He said he spent the past nine months exploring what made the most sense, which led the firm to its latest proposal.

“We went back to the city a month ago, and they were very receptive,” Polikov said. 

The project, called South Spring, could cost up to $500M, The Atlanta Journal-Constitution reported. That includes a new office building, which would be nearly unprecedented in a market with record-high vacancy and developers offloading new buildings that didn't land tenants.

“We’re really, seriously looking at the potential for Class-A office there,” Polikov said. “It’s already a corporate center, and there’s not a lot of land left for corporate office there.”

Still, Rass faces an uphill climb to realize its vision. Smyrna, which annexed the 8.7-acre parcel encompassing 2800 and 2810 Spring Road in 2021, would need the city council to approve building towers above eight stories, the AJC reported.
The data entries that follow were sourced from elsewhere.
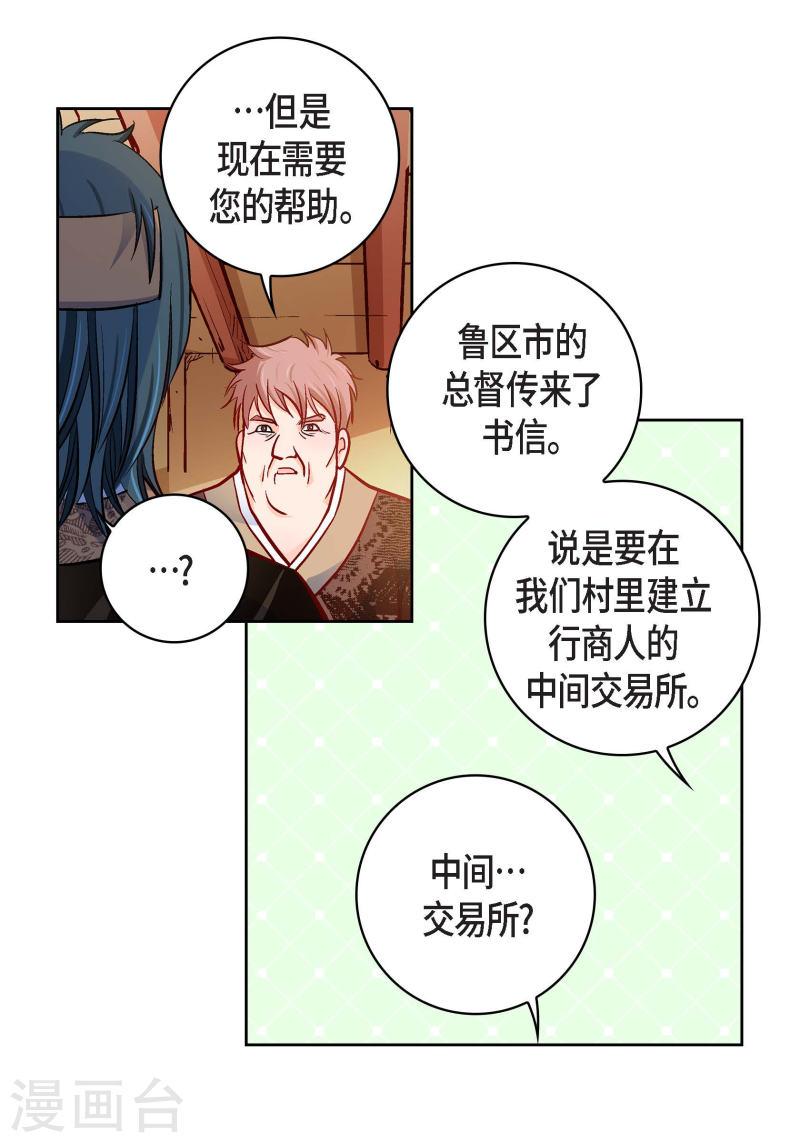 献给心脏漫画,第69话 我的心脏站在那里30图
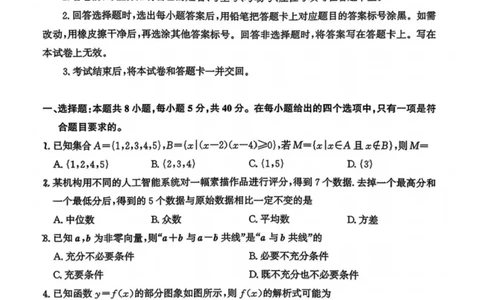 山东省济南市2026届高三第二次模拟考试数学试题（含答案）_2024-2026高三（6-6月题库）_2026年04月高三试卷_260418山东省济南市2026届高三第二次模拟考试（全科）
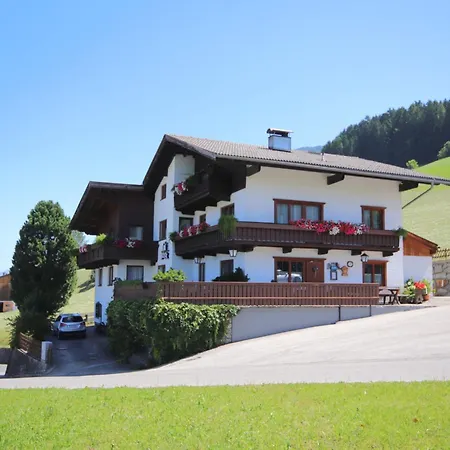 Jaegerhof-2 By Interhome Apartamento Hochpillberg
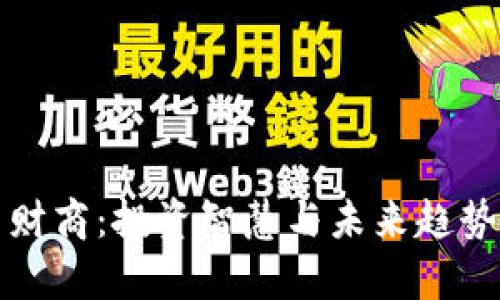 数字货币与财商：投资智慧与未来趋势的深度解析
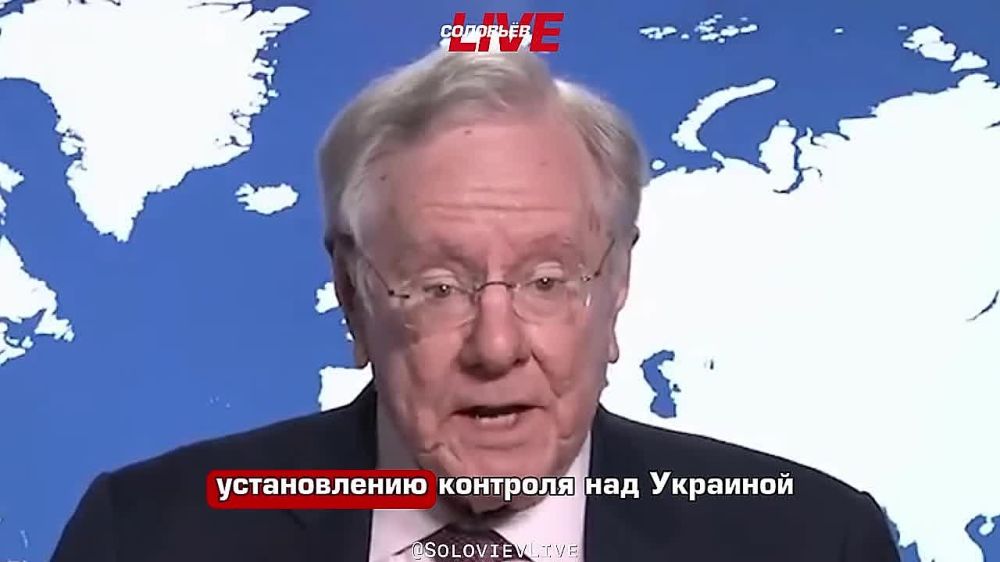 Если Россия достигнет целей спецоперации, Владимир Путин станет «политическим хозяином Европы», заявил Стив Форбс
The other challenges include finding commercial tenants and securing debt and equity in a market that has remained largely frozen since last summer. Rass tapped Avison Young to lease the project and scour the capital markets for financing, Polikov said. The application says the development could open by 2028, but Polikov said between 2029 and 2030 is a more reasonable timeline.

“This is a project that is going to require an institutional — well, not just institutional, but a substantial equity partner,” he said, adding that Rass is open to selling some of the development rights to the project. “The office is not something we’re reliant on. If we find that we can’t get preleased and financed for the office part, we’ll still do a four-star hotel.”